9-19-17 entery. A big fight happens between my mom and me. I was fighting suicidal thoughts, but also trying to escape realality.
9-19-17
Dear Haylie,
I am worth it. I am worth it. I am worth it. And I will say it until I believe it. Nothing else matters right now. Maybe I just need to go somewhere quiet and cry. Think. Talk to grandma. I am not falling back down to “depressed Haylie” because that IS NOT me. It’s okay that I am struggling. Everyone does at one moment or another.
I was thinking earlier. I always tell myself “everything will be okay in the end. And if it’s not okay, then it’s not the end”, but what about all the people who it wasn’t okay for? Like what about Cody Taylor? He got into an argument with his mom, went outside, on DD hwy and shot himself in the head. It didn’t end well for him. Or what about the people on death row? They get the shock chair and go out that way. Or people who died of cancer or some other sickness.
Maybe you’ve just got to look at the good side. Even when it’s foggy. Like if you have cancer upleast you’ve had a good life. “Hopefully”
I use to say “f**k today, f**k yesterday, f**k tomorrow. I want to die tonight.” I would crawl up and cry with blood running down my legs and arms. But you know, no matter how much I would love to give in the the hurt, and brokenness… I can’t. That’s not me. That’s not the real Haylie Douglas. The real Haylie Douglas is a warrior. I fall down. But i will never give up. I keep fighting. I finally won this battle, but I have many more to come. I’ve been fighting this War for years. It will never end it seems like.

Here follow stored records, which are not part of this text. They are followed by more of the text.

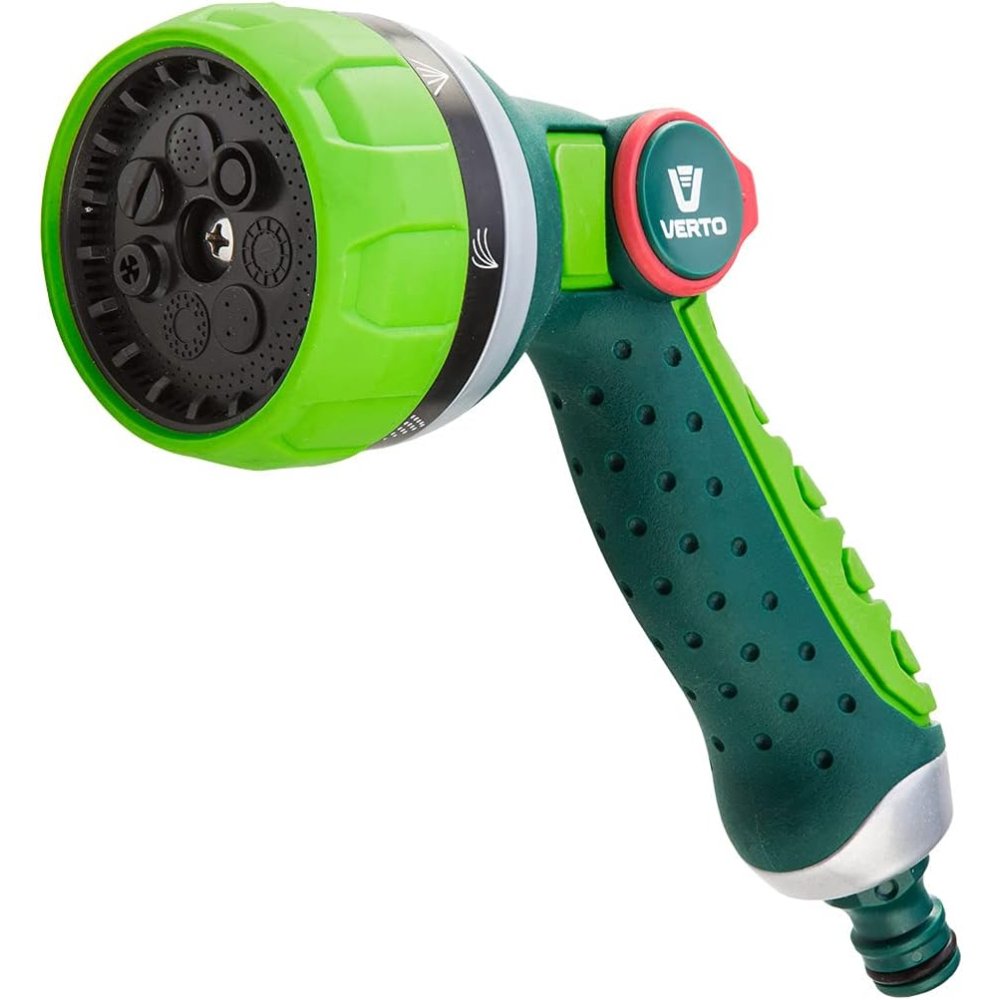 Topex 15g710 ugello con leva erg rgonimica, 7 selezioni del ge ds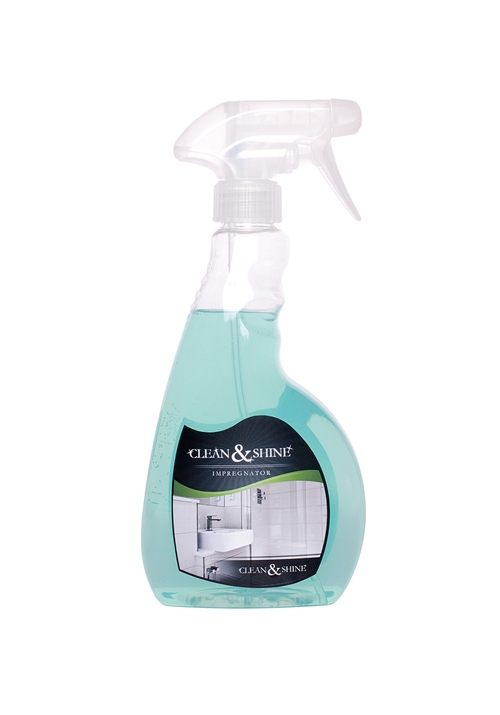 RENGÖRING HAFA CLEAN & SHINE IMPREGNATOR 500 ML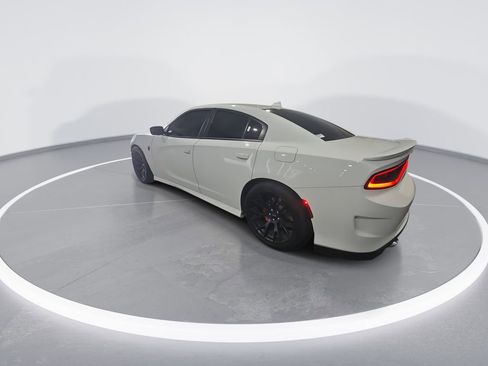 Used 2016 Dodge Charger SRT Hellcat w/ Harman/Kardon Audio Group RWD image 6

But I feel like my heart is shattering. I’m done with this fighting. This yelling. I’m done. Done. I will fall apart soon. I can already feel it. I’m breaking… mom, hold me! Stop yelling! STOP! Just let it go. Hold me. Be a mom. Not an enemy. But you are battling your own demons right now. So it won’t happen anytime soon.
It’s time to put on my armor. Get ready to fall apart. But this time is going to be different. Instead of crying in my own blood and hurt, this time I will cry in god’s arms. He promises to carry me through my hard times… well god, it’s time for me to grab your hand.

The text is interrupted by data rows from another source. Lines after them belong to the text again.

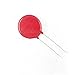 1PCS 5% V575LA80BP P575L80 Varistor 575V 450pF Diameter 20MM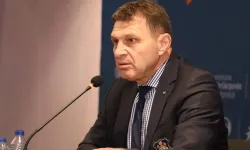 Emekli Tuğamiral Türker Ertürk tutuklandı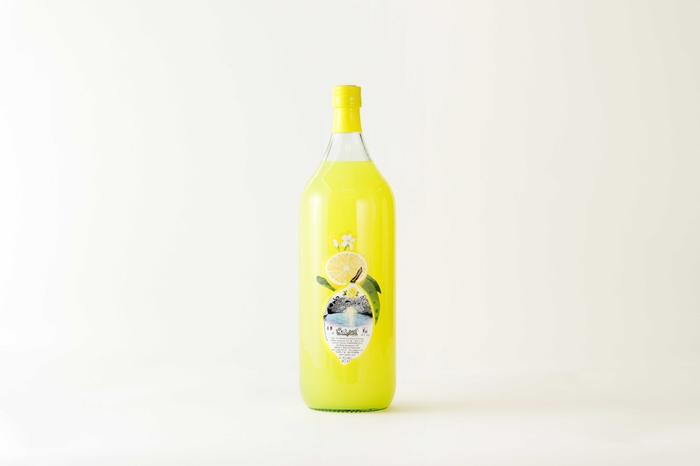 リモンチェッロ ボトル 2,000ml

" He promises to carry me through my hard times… well god, it’s time for me to grab your hand.
I’m ready.... "
Very Good approach.
I read it lately,
"If He puts you in it, He will surely get you through it" He's the omnipotent. And never leaves us. It's We who forget Him.
Great! if its not okay then its not the end... I like that but of course thats only true for those that love God/jesus is what I believe... very deep.. I hope you feel better
Powerful and strong words and thoughts written. A writer's best work is when heart is sad or glad. A well-written poem. Real life and honest words. The greatest poetry.
Coyote
" He promises to carry me through my hard times… well god, it’s time for me to grab your hand.
I’m ready.... "
Very Good approach.
I read it lately,
"If He puts you in it, He will surely get you through it" He's the omnipotent. And never leaves us. It's We who forget Him.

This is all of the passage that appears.